Continuing our occasional blog series on how Dante is referenced in 21st century culture, we call our community’s attention to Ellen Ullman, who commented on David Eggers’ new novel, The Circle, in the New York Times Book Review November 3.
Ullman criticizes Eggers for failing to give us a thoughtful guide to the dystopia into which he plunges his audience: “Readers who enter the Circle’s potential Inferno do not have the benefit of Virgil, Dante’s guide through hell and purgatory, but they do have Mae, a naïve girl with the sensibility of a compulsive iPhone FaceTime chatterer…” says Ullman. She continues the Dante metaphor later in her review: “At each advance into ‘participation’ (or descent into hell, as the case may be), Mae is a tail-wagging puppy waiting for the next reward: a better rating, millions of viewers.”

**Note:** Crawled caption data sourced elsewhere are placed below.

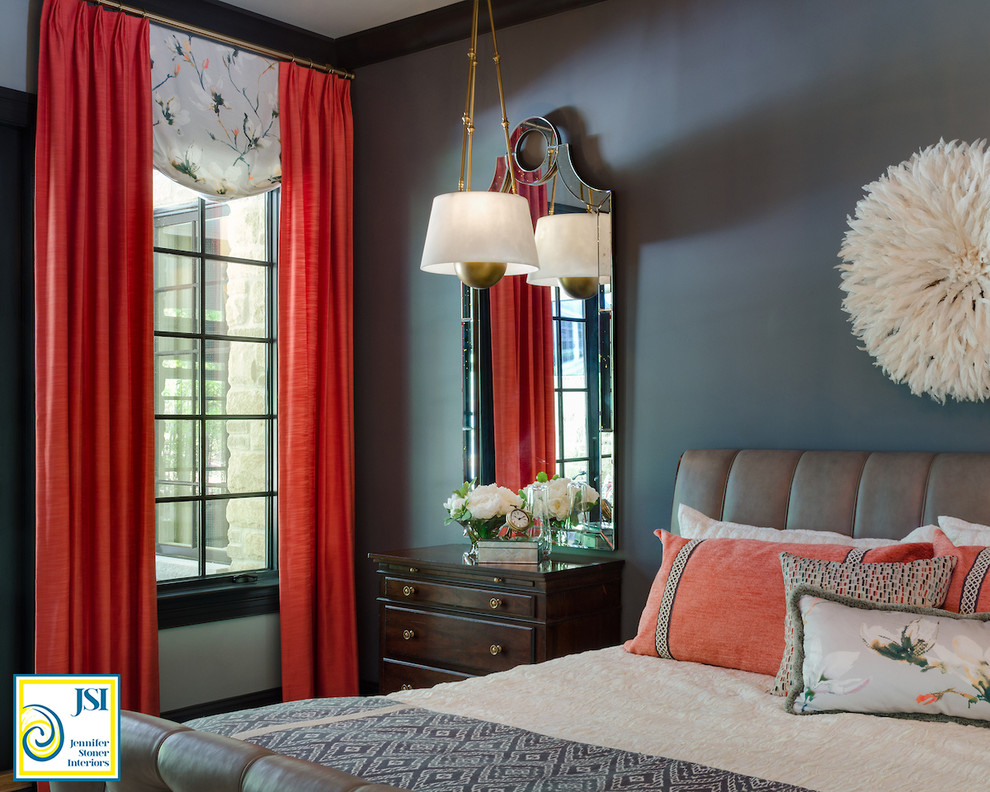 Modelo de dormitorio principal clásico renovado grande sin chimenea con paredes azules y suelo de madera en tonos medios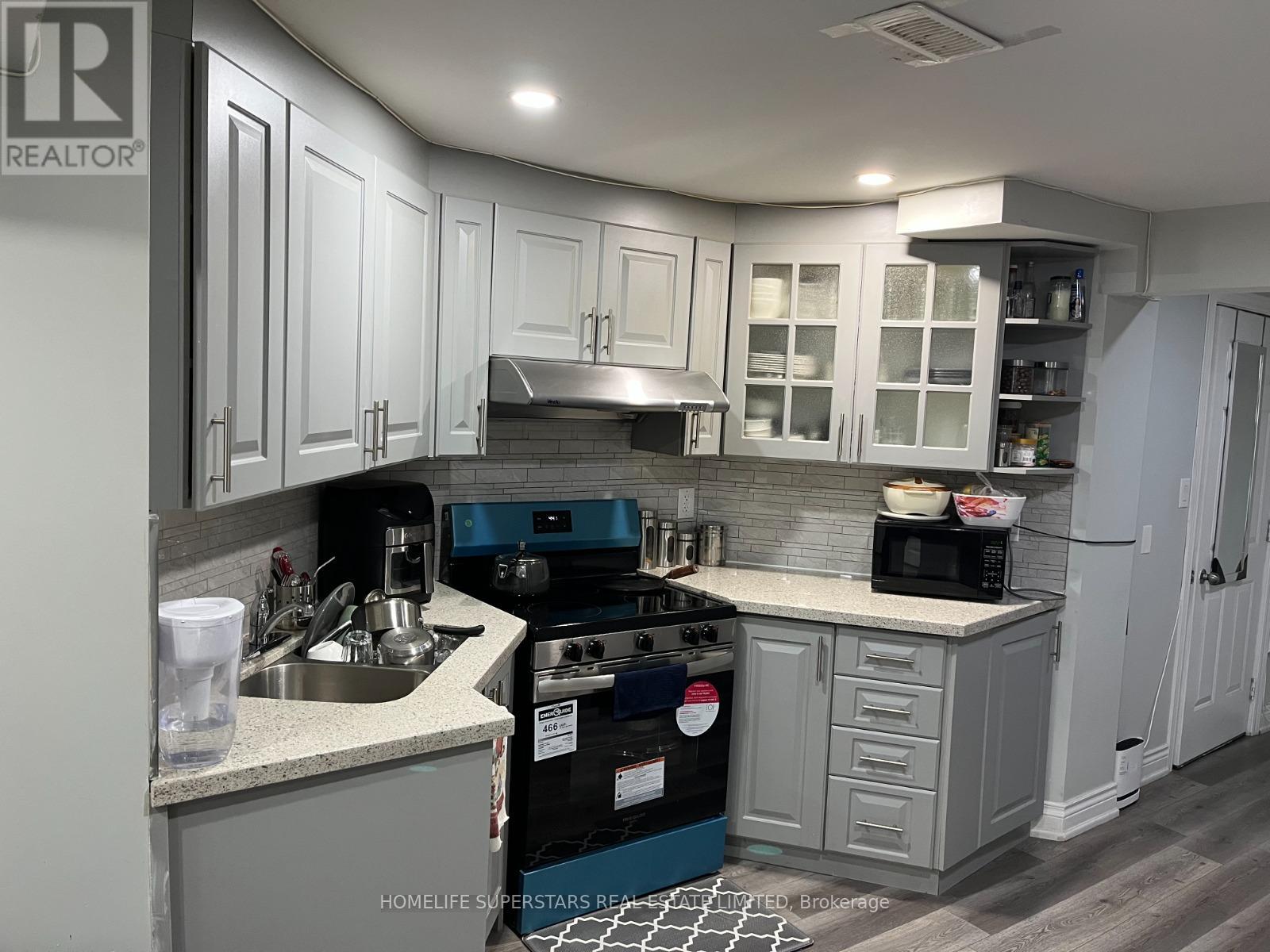 Townhouse at 35 WARDENWOOD DRIVE, Brampton (Sandringham-Wellington North)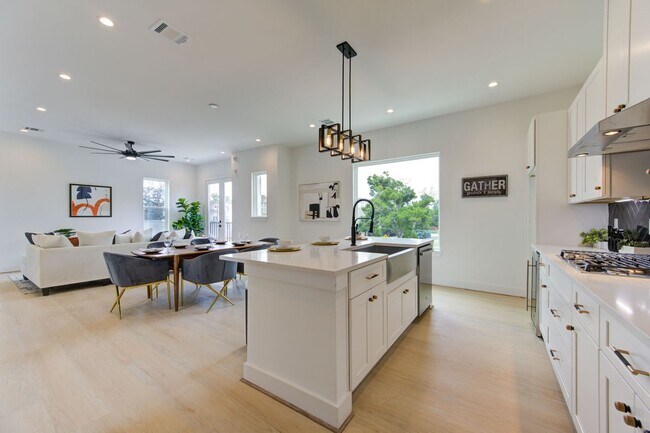 Photo - 2310 Reinerman St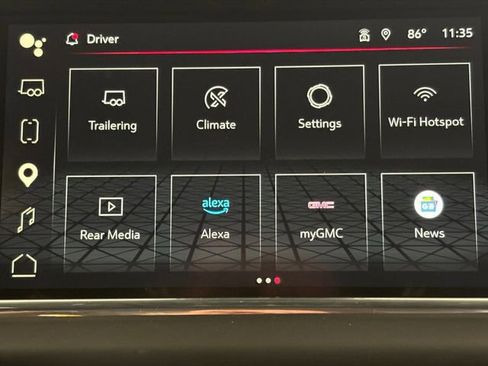 Used 2023 GMC Yukon Denali Ultimate AWD/4WD image 9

Eggers’ book is an important one—part of a growing cultural wave of negative commentary about the world wrought by digital technology. We suspect part of the reason it lacks a Virgil-like guide is that whereas Dante dealt in strong, clear, moral blacks and whites (albeit his own morality, not the prevailing moral order of his day), Eggers is at least in part telling us that we are all cogs in the great digital machine and there is no guide or leader—or even clear moral philosophy—to lead us out of this particular dark forest.